CognifyVault allows users to register knowledge either by manually entering text or by uploading files in .txt or .pdf format.

Manual Entry

  • Navigate to the "Register your knowledge" section on the main page.
  • Enter a title for your knowledge entry.
  • Input the text content directly into the provided text area.
  • Click "Register" to save your knowledge.

File Upload

  • Drag and drop the file into the designated area.
  • The file name will appear once uploaded.
  • If the file is in .txt or .pdf format, the content will be automatically summarized and displayed in the text area.
  • Review the summary, make any necessary edits, and click "Register" to save.

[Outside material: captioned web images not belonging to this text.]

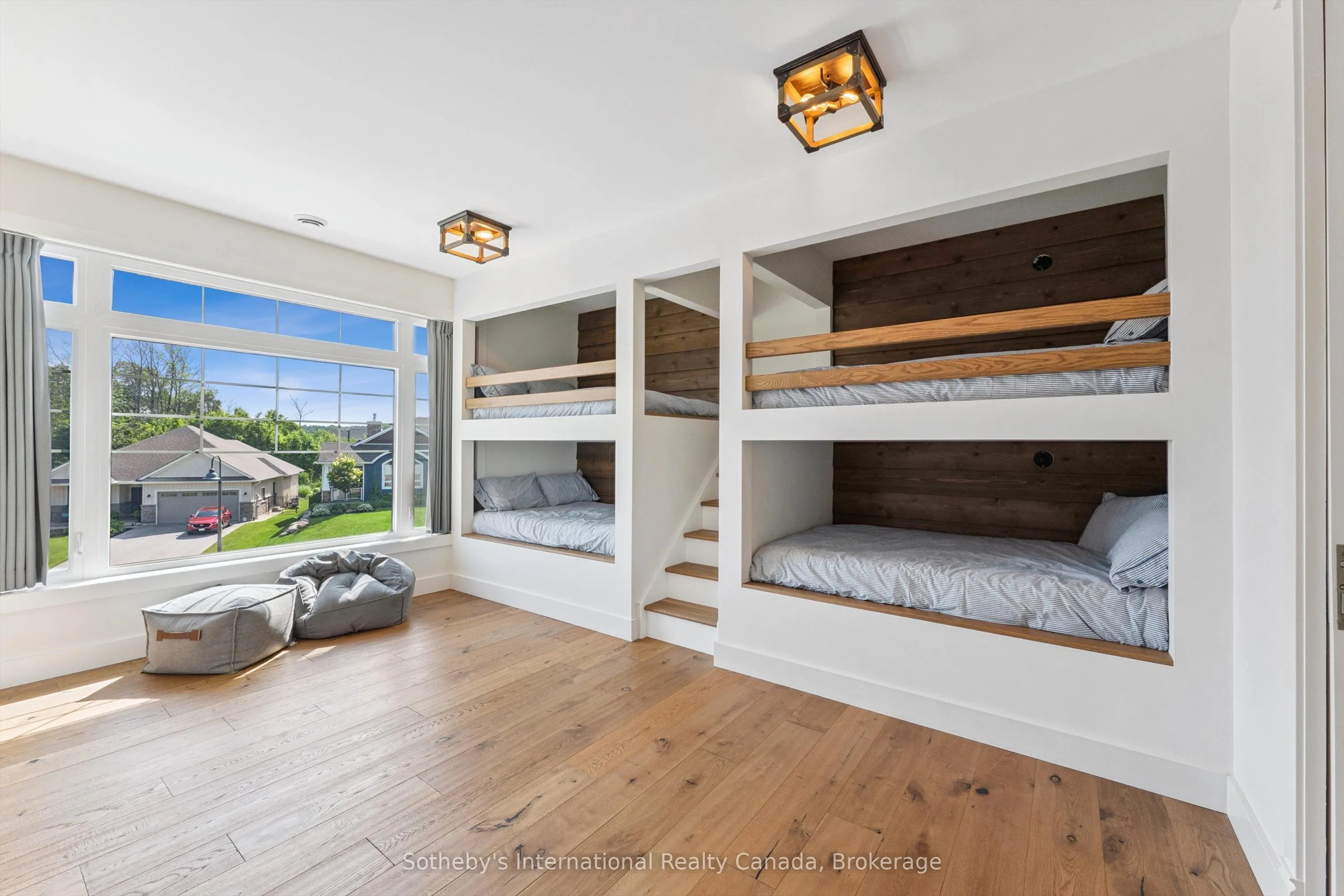 511 Algonquin Trail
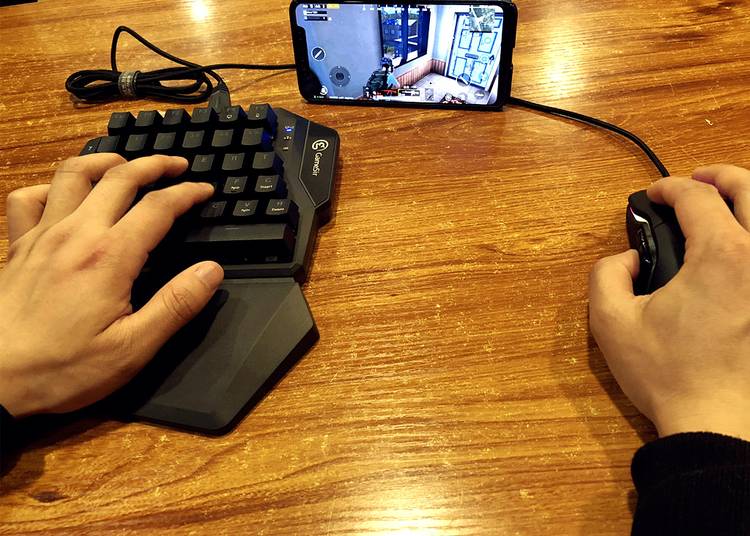 小鸡x2手柄如何玩吃鸡,gamesir盖世小鸡z2机械键盘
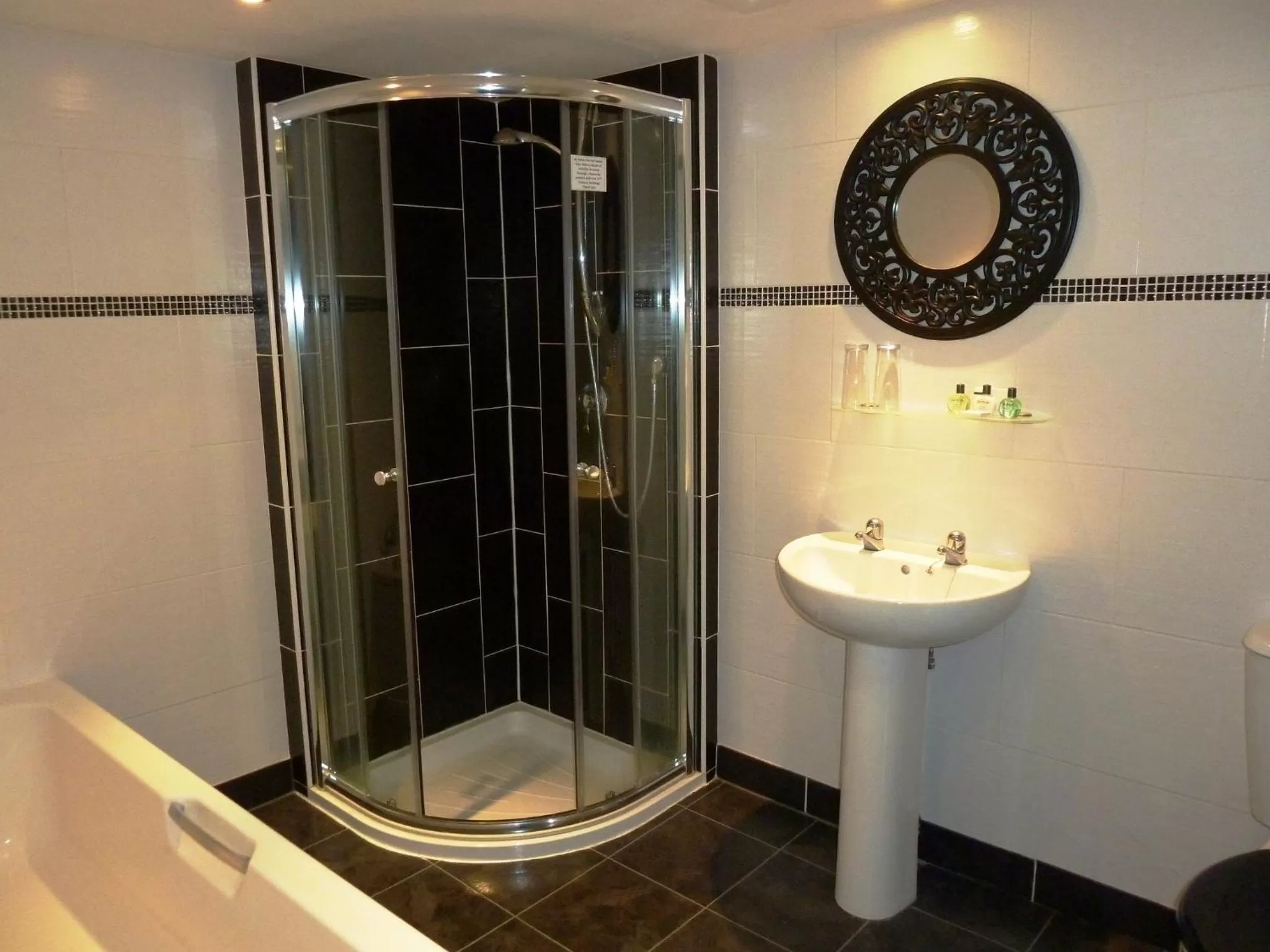 Shower in The Manor House Hotel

This information will be used during searches.

Knowledge Extraction

With CognifyVault, you can extract relevant information from your knowledge base by asking questions in natural language.

How It Works

  • Navigate to the "Extract knowledge" section.
  • Type your question or request into the input box.
  • Click "Request" to submit your query.
  • CognifyVault uses Weaviate's vector search to search the registered knowledge and generate responses based on the most relevant information.

Example Queries

  • "Overview of [topic]"
  • "Summarize information related to [topic] from the meeting minutes"
  • "Organize information about [topic]"

Tips for Effective Searches

  • Use specific keywords relevant to the content you've registered.
  • Ensure that your queries are clear and concise to get the most accurate responses.

File Summarization

CognifyVault automatically generates summaries of uploaded files, optimizing them for effective knowledge search.

Supported File Formats

  • Text Files (.txt, .md)
  • PDF Files (.pdf)
  • Audio Files:
    • .mp3
    • .wav
    • .m4a
  • Video Files:
    • .mp4
    • .avi
    • .mov
    • .flv
    • .wmv

Development

Code Structure

The CognifyVault project is organized as follows:

  • app.py: The main application file where the Flask app is defined and routes are set up.
  • templates/: Contains the HTML templates rendered by Flask.
  • static/: Holds static assets like CSS, JavaScript, and images.
  • uploaded_files_Article/: The directory where uploaded files are stored.
  • Dockerfile: The Dockerfile for containerizing the application.
  • docker-compose.yml: Docker Compose configuration file for managing multi-container setups.

Key Components

  • Flask Routes: Define the endpoints for knowledge registration, extraction, and file management.
  • Weaviate Integration: Handles the connection and interaction with the Weaviate server for vector searches.
  • OpenAI Integration: Manages the API calls to OpenAI for text summarization and content generation.

Advanced Topics

API Integration

CognifyVault integrates with two major APIs: OpenAI and Weaviate.

OpenAI API

  • Purpose: Used for generating text summaries and processing natural language requests.
  • Endpoint Usage: The application sends text data to OpenAI's GPT models and receives summarized or generated content in response.
  • API Key Management: The API key must be set in the Dockerfile or as an environment variable (OPENAI_API_KEY).

Weaviate API

  • Purpose: Provides vector-based search capabilities for efficient retrieval of relevant knowledge.

  • Integration: The app interacts with Weaviate through its REST API to store and search for knowledge objects.

  • Configuration: Set the WEAVIATE_SERVER environment variable to connect to the appropriate Weaviate instance.